The Commercial Vehicle Safety Alliance held its annual International Roadcheck in June. The three-day event ended with 67,502 roadside inspections being conducted across North America, the results of which have just been released. Truck fleet owners in Pennsylvania may be interested in learning about the more unsafe trends.
During the inspection spree, 11,897 vehicles and 2,664 drivers were issued out-of-service orders. The inspections differed in terms of what they covered, but 45,400 were Level I inspections, which are the most comprehensive. Of all trucks that underwent the Level I inspection, 21.6 percent wound up with an out-of-service order.

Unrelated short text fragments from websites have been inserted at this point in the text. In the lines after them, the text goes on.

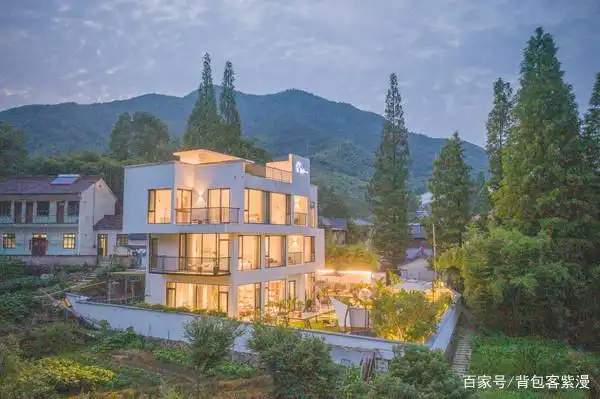 这家莫干山独栋民宿,泳池露营岩石烧烤蹦床唱歌都有,聚会首选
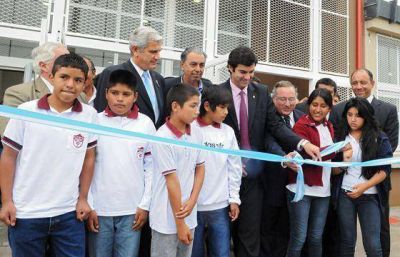 El Gobierno inaugur� un nuevo edificio para la Escuela T�cnica de Campo Quijano
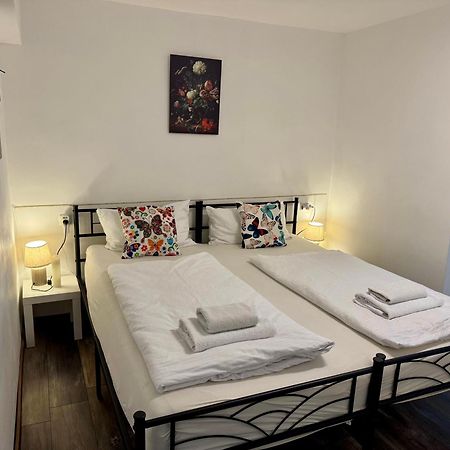 Kleine-Romantische Ferienwohnung Parkplatz Vor Dem Haus! Алтенау Екстериор снимка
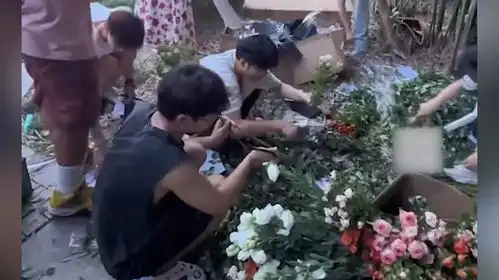 摆地摊卖花图片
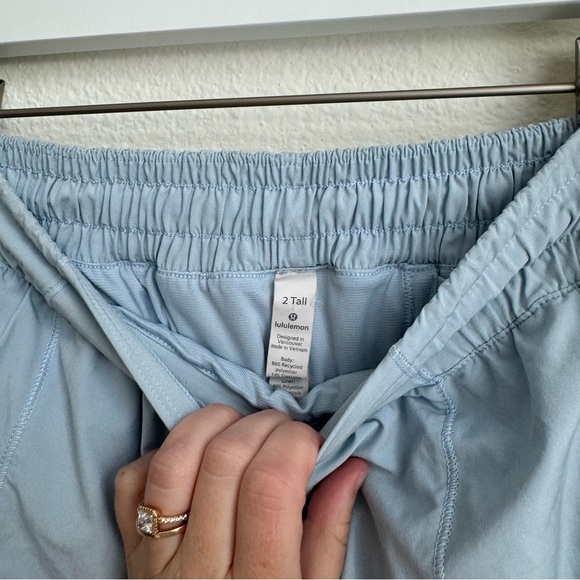 Lululemon• Tall Hotty Hot Short / Blue Linen - Picture 4 of 4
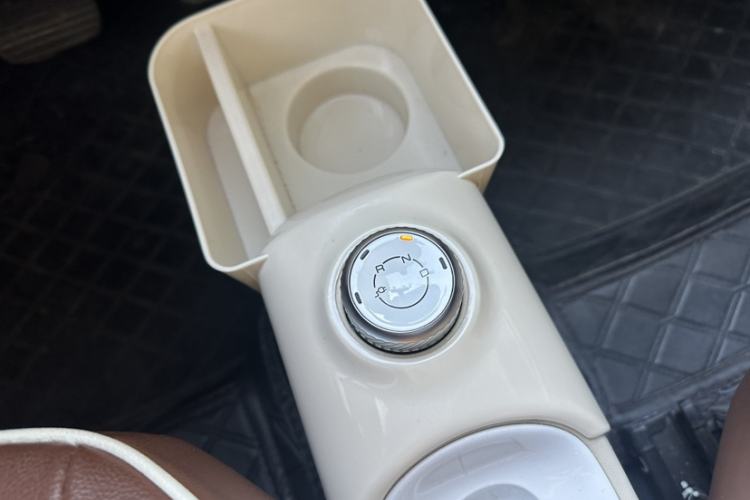 Used Wuling Hongguang MINIEV 2024 3rd Generation 215km Advanced Version Gear Lever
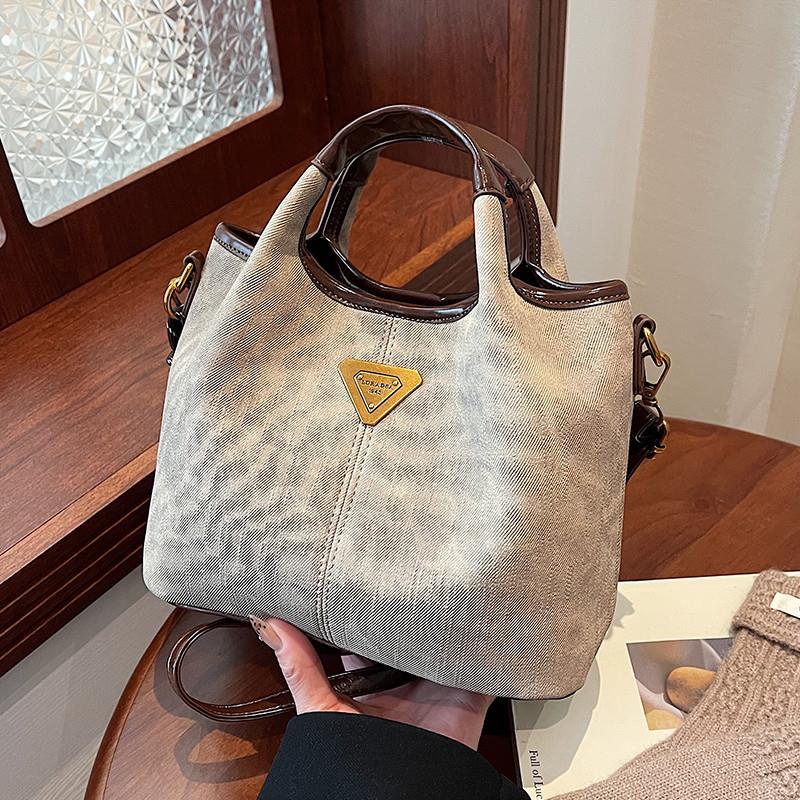 Lee Vsasi时尚油蜡皮水桶包女韩版夏季新款小众简约休闲单肩包高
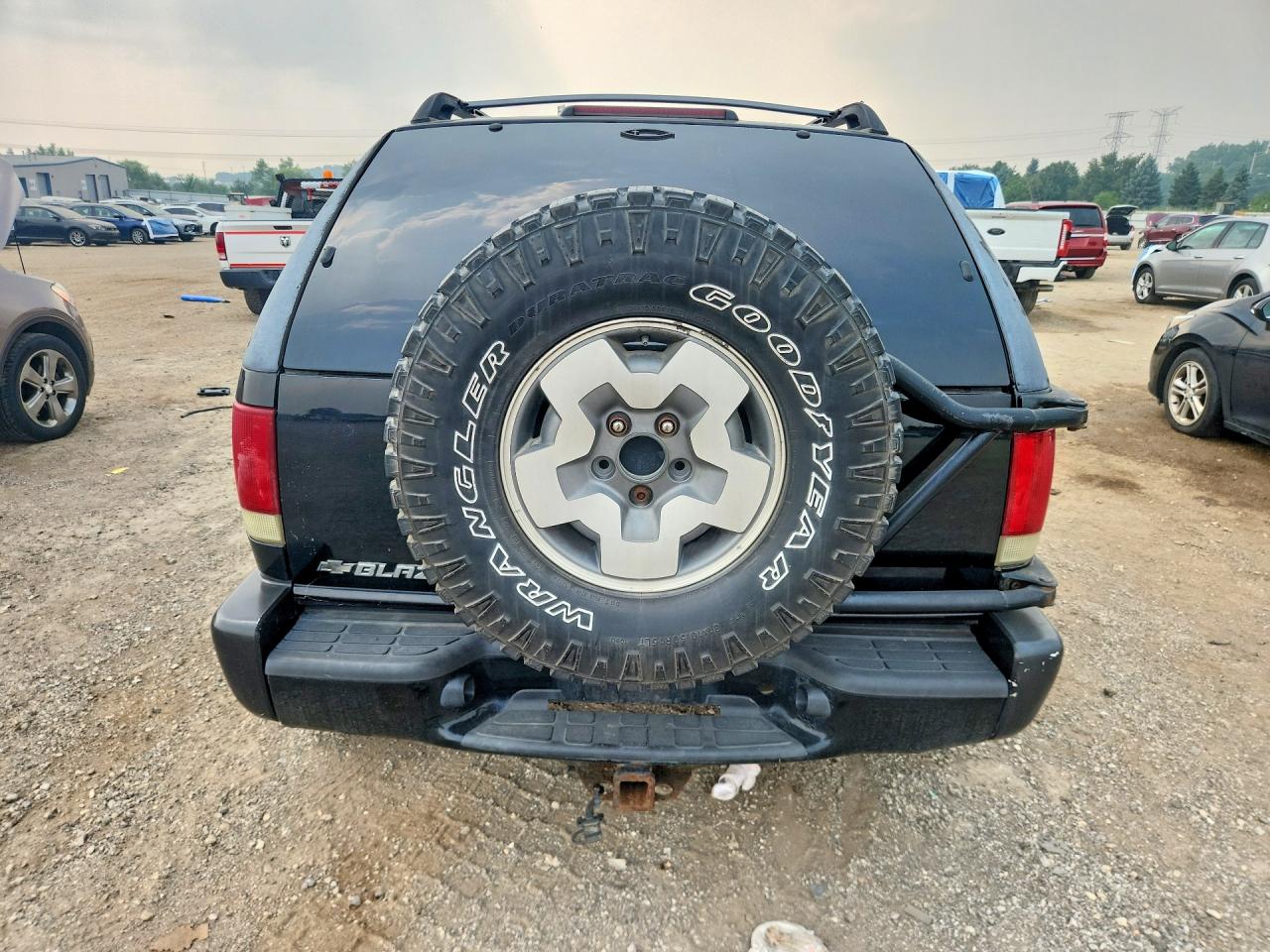 2002 Chevrolet Blazer Black vin: 1GNCT18W02K194224
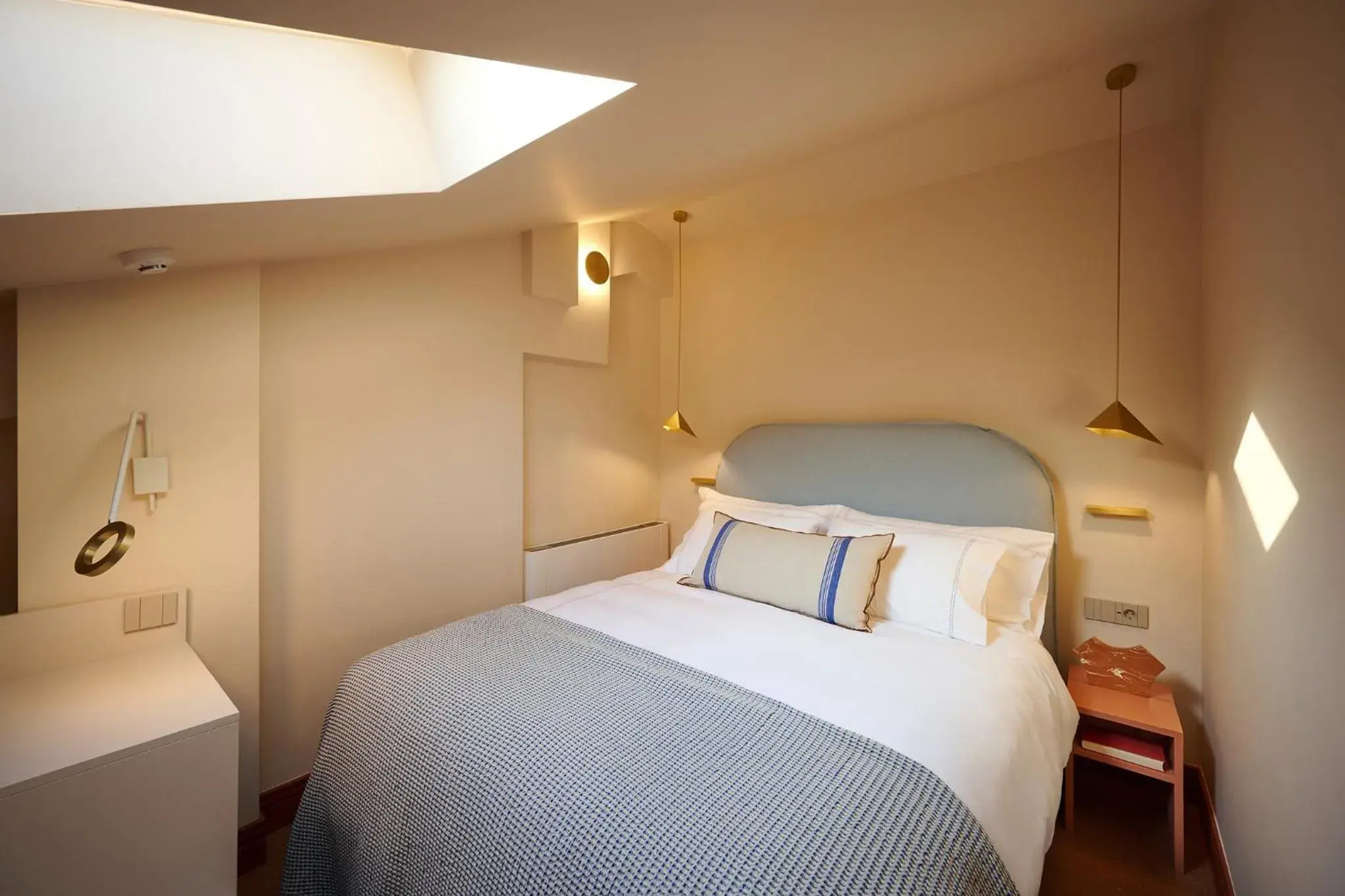 Suite with Balcony in LOOM ATHENS Suite with Balcony in LOOM ATHENS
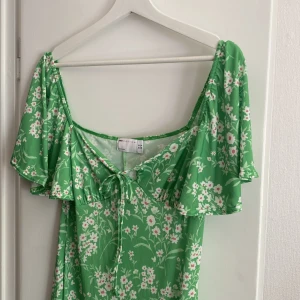 Blommig klänning  - Söt klänning från Asos! Adrig använd, lapp kvar. Storlek 40 men passar väldigt stretchig så den passar både större och mindre! 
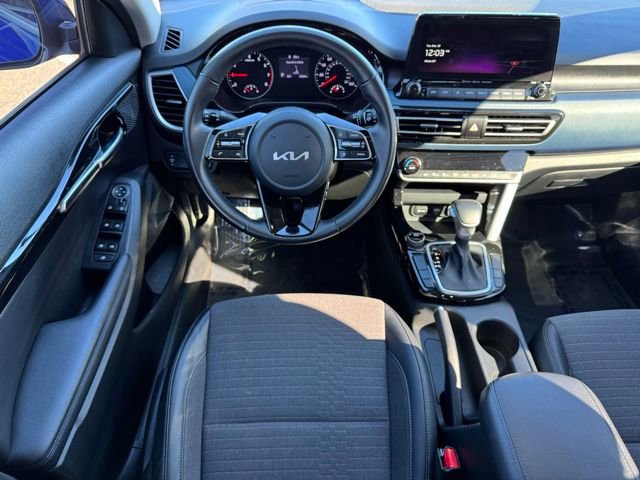Used 2023 Kia Seltos S w/ Navigation Package image 14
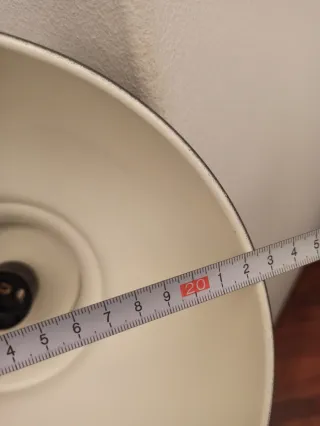 Lámpara de techo gris metal.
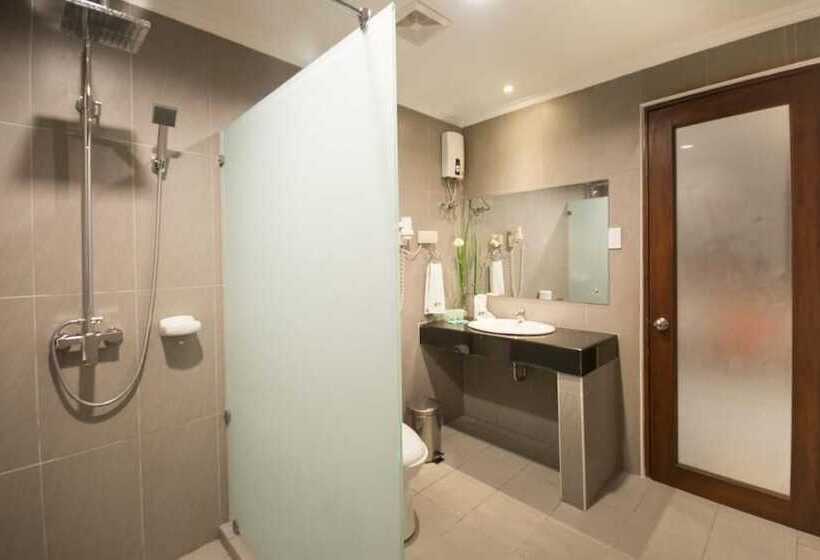 Otel Jony S Beach Resort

The top three vehicle-related out-of-service violations were linked to the brake system, brake adjustment and the tires and wheels. These made up close to 64 percent of all vehicle-related out-of-service violations. The frequency of brake violations is noteworthy as it explains why the CVSA also holds an inspection spree specifically for such violations. Brake Safety Week, as it's called, takes place this year from September 16 to 22.
Among driver-related out-of-service violations, the most frequently cited were hours-of-service violations (43.7 percent). HOS regulations were put in the spotlight after the ELD order went into effect in late 2017 and became the CVSA's major focus for this year's Roadcheck. Other recurring violations included the possession of the wrong class license and false records of duty status.
When there's an 18-wheeler accident, the victims will want to find out whether it was caused by negligence on the trucker's part. Perhaps the truck had faulty brakes or the trucker went against HOS rules and was driving while drowsy. Whatever the case may be, negligence will give victims the grounds for a claim against the trucking company. An attorney could preside at negotiations and prepare the case for court if the company refuses to pay out or offers a low settlement.